Why Labor's not working
This piece was originally published in the National Times 1 December, 2011
Rock-bottom support. Plummeting membership. A broken structure. Labor is in trouble and its very existence is at stake. But if the hacks are serious about fixing the party at its national conference this weekend, they must deal with one issue underpinning all of Labor's woes - the collapse of the party's traditional base.
While opinion polls this year have hammered home the dire level of support for Labor, with its primary vote often wallowing in the 20s, the party's main concern is the plummeting number of paid-up members. Official numbers are hard to come by, but insiders report that membership is now below 20,000, the lowest level in decades and half the number the party had as recently as 2007 when Kevin Rudd was elected. The swiftness of this loss is compounded by the changing nature of Australian society, presenting the question of whether numbers can be regained quickly or indeed ever.
Australia's working class has changed dramatically over the past 30 years. With the opening of the Australian economy in 1980s and the spread of technology, cheap international manufacturing and transport, the manual component of the workforce has declined significantly. According to the Australian Bureau of Statistics, the number of workers in traditional blue-collar jobs has fallen from about 50 per cent of the workforce in 1980 to barely 30 per cent today. This loss of Labor's natural base presents a more critical problem over the medium term than simply rebuilding the party's shattered polling numbers.
The perverse tragedy for Labor, though, is that past success has created the current malaise. For more than a century, Labor fought to improve the lot of the labouring classes by establishing public education, healthcare and workplace protections. In doing so it brought about greater equality and a fairer distribution of resources to Australian society.
The traditional base now enjoys stable employment, workers' rights, public healthcare and education. There is no longer the fear of debilitating economic hardship or deprivation.
Furthermore, the reforms of the 1980s opened markets and boosted GDP, delivering unparalleled economic prosperity and security to the nation.
Paradoxically, these previous successes play a key role in the party's current dire straits. Because its core needs have been met, the traditional base no longer requires the party, and Labor has been unable to present an alternative vision that resonates with it.
Labor's strategy to deal with this appears centred on chasing the former base, and it's not working. Here's why. The party no longer intrinsically understands the group, and as such the policies it offers to lure people back ring hollow. This can be seen in the current conservative policy offerings from Labor, which it hopes will win back the Liberal-voting rump of the base.
Take Labor's current approach to asylum seekers. Its strategy is centred on ''tough on refugees'' posturing and playing up the threat to national security. In other words, reading straight from John Howard's 2001 campaign diary. The approach does not reflect Labor's commitment to social values and rings hollow to even the casual political observer. Yet the apparatchiks in the party believe this is what must be done to win back the base.
It is a plan that won't succeed. Producing reactionary policies that pander to conservative demands and xenophobia is trying to outplay the Liberals at their own game. This won't wash with voters. Why choose Liberal-lite when you can vote for the real thing?

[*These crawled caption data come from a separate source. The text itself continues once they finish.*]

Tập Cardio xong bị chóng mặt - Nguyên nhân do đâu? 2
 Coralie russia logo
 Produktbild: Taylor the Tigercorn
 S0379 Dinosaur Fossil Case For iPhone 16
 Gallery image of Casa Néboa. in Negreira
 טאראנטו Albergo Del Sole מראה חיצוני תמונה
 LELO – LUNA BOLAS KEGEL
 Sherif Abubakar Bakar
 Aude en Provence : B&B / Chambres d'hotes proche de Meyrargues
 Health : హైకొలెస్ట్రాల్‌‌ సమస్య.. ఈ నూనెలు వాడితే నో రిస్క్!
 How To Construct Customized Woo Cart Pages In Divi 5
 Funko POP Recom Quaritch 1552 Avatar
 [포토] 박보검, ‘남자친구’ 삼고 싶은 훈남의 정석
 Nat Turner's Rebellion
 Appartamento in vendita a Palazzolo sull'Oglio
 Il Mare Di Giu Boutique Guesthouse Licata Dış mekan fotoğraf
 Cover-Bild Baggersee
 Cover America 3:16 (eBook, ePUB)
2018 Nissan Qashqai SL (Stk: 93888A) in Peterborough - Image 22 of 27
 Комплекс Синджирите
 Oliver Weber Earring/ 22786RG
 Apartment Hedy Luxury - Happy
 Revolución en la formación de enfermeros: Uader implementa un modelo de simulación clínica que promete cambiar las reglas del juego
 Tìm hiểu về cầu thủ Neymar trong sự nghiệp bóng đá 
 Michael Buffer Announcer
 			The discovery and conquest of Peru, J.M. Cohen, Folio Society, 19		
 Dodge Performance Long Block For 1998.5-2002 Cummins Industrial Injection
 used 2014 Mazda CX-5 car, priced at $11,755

The same hollow approach to policy development and presentation is seen time and time again across a range of issues, from the resistance to gay marriage to arguments for a carbon price and defending the initial mining super profits tax.Labor is consistently missing the opportunity to build community support for a more progressive Australia, primarily because it no longer understands its former base.
To deal effectively with this challenge, the party must recognise that its traditional base has almost disappeared. A party built upon the foundations of manual labour can no longer survive. The typical worker is now more likely to be employed in the service industry or to be an educated professional than to be in the manual jobs that the party traditionally relied upon for support. Labor must reconfigure its base to encompass the 21st-century Australian workforce and develop policies that resonate with it.
But time is running out. The Greens are better positioned to benefit from the new Australian workforce and their focus on sustainability has more traction today than Labor's traditional focus on workers' rights. As the impacts of climate change accelerate, this trend is expected to continue.
The evolving nature of the Australian workforce poses more problems. The educated professional class, a segment expected to grow, already votes Greens. More concerning still for Labor are the growing numbers of green-collar workers who will dominate industry this century.
The political allegiance of these workers is still in doubt, but where they fall will ultimately determine Labor's future. Already we have seen the Electrical Trades Union, whose membership includes growing numbers of green-collar workers, start preferencing the Greens in an ominous warning for Labor. If the Greens consolidate the support of professionals, and corner the green-collar vote, Labor would be unlikely to keep, let alone increase, its depleted base.
Trapped between parties of fear and vision, Labor is being squeezed into irrelevance. Unless it cultivates a new base and develops a vision appropriate for the 21st century, Labor will not survive.
Tom Quinn teaches politics at La Trobe University.